**PROVIDED MATERIAL:**
%%
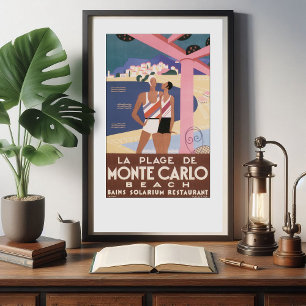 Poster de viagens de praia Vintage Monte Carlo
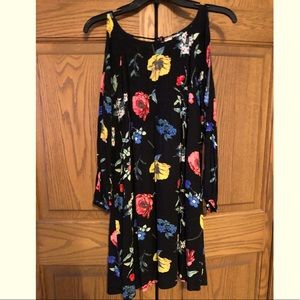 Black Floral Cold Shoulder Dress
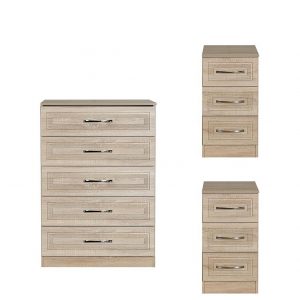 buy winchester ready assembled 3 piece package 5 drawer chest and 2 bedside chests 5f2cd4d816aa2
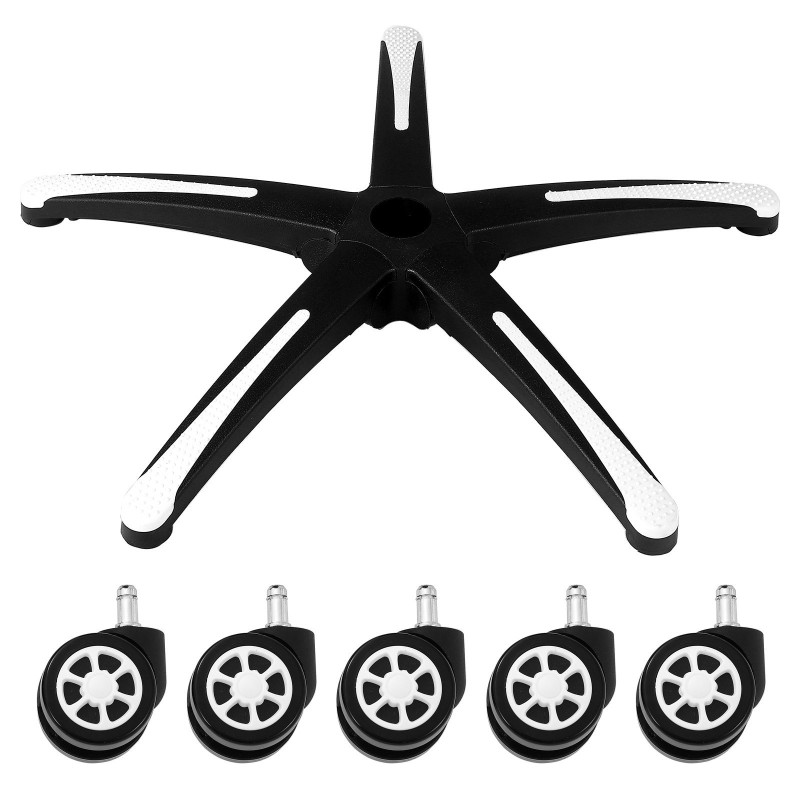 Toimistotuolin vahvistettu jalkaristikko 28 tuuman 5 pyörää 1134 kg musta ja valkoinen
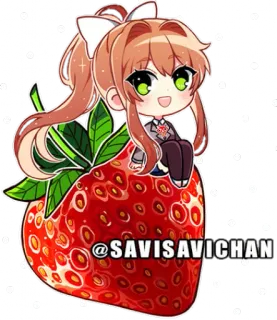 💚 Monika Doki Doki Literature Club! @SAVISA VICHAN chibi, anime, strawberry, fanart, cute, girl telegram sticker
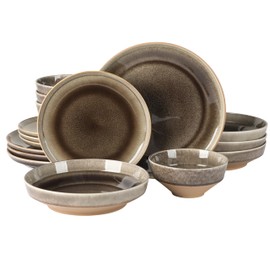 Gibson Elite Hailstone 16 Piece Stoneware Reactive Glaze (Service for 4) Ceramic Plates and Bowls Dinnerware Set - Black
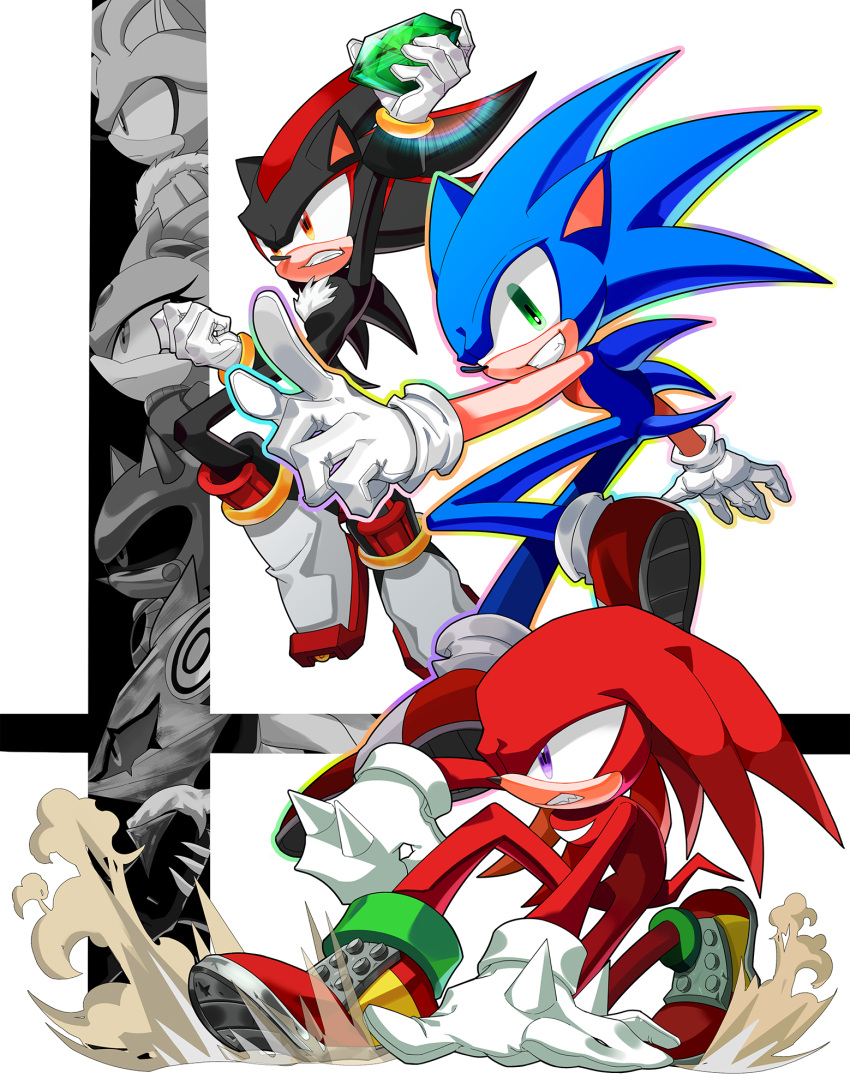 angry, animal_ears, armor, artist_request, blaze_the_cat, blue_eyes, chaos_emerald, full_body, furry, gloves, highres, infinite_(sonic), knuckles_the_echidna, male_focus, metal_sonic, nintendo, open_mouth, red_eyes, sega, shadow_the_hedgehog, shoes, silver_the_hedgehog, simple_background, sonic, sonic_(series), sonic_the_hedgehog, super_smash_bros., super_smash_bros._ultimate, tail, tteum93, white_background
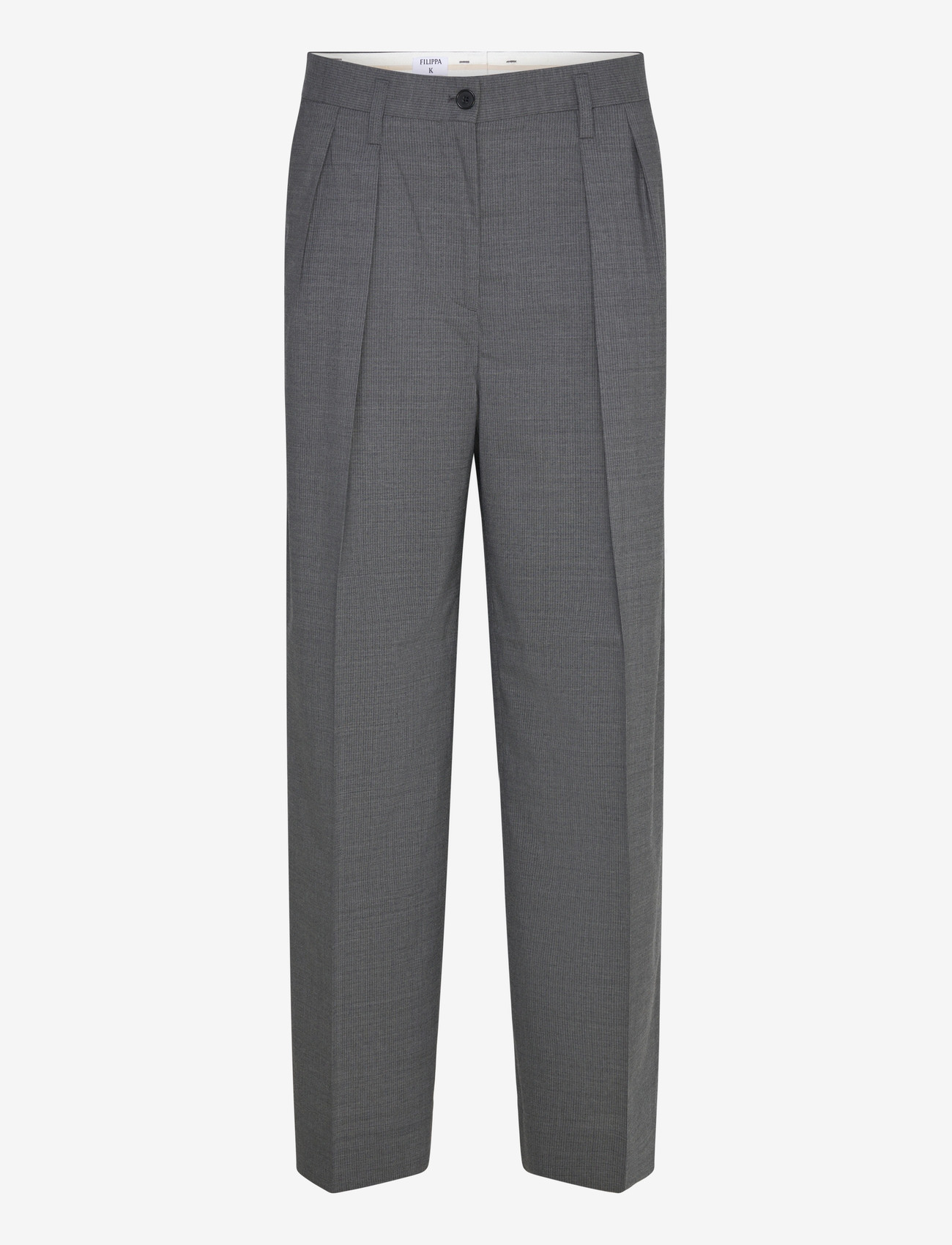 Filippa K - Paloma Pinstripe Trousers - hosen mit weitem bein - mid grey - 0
%%
%%
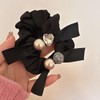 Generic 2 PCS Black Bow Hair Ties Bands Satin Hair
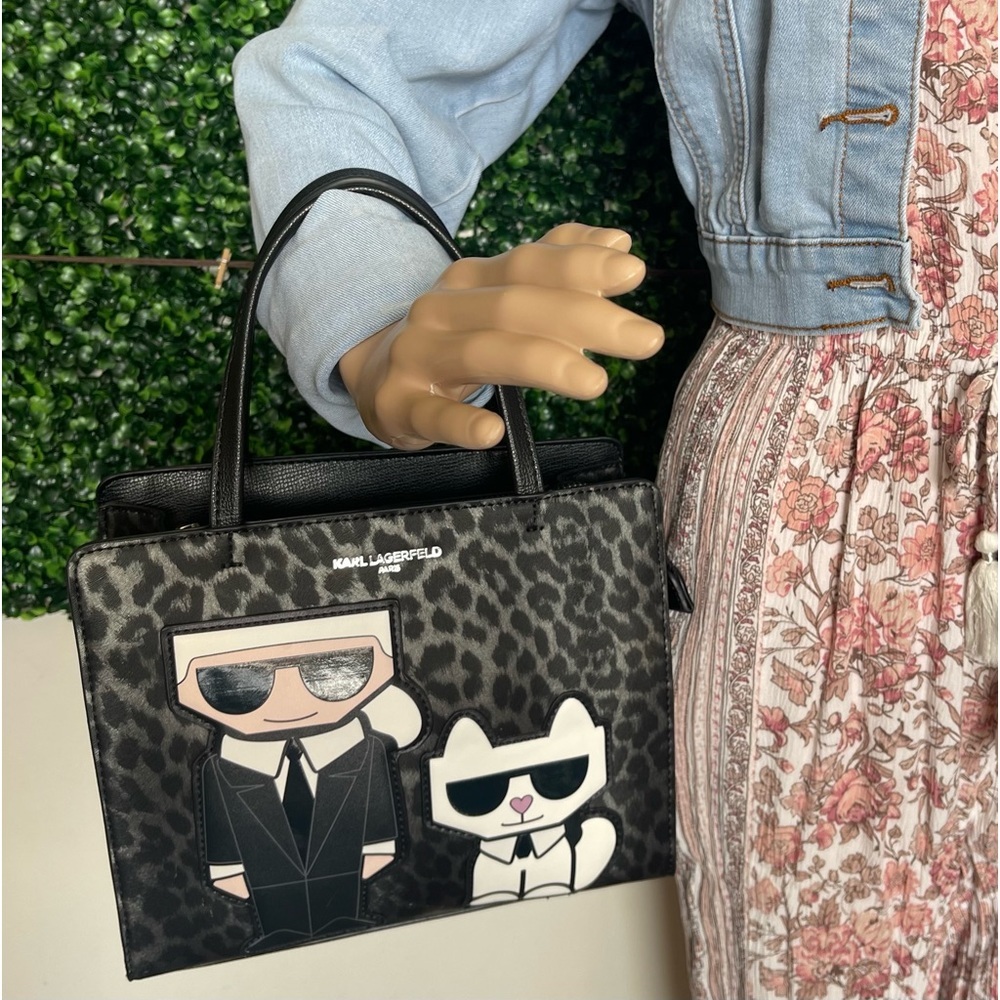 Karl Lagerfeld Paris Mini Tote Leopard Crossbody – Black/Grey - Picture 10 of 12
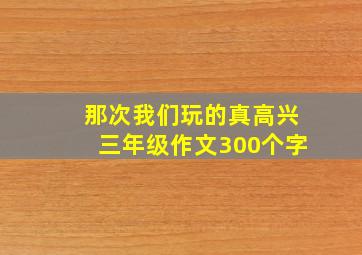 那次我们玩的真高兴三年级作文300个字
%%
**ABOUT THIS TASK:**
Word for word, retype the lines in the entries above that run from the one with "Poster de viagens" through the one with "Gibson Elite Hailstone". Both ends count; pictures do not.

**FINISHED TASK:**
 Poster de viagens de praia Vintage Monte Carlo
 Black Floral Cold Shoulder Dress
 buy winchester ready assembled 3 piece package 5 drawer chest and 2 bedside chests 5f2cd4d816aa2
 Toimistotuolin vahvistettu jalkaristikko 28 tuuman 5 pyörää 1134 kg musta ja valkoinen
 💚 Monika Doki Doki Literature Club! @SAVISA VICHAN chibi, anime, strawberry, fanart, cute, girl telegram sticker
 Gibson Elite Hailstone 16 Piece Stoneware Reactive Glaze (Service for 4) Ceramic Plates and Bowls Dinnerware Set - Black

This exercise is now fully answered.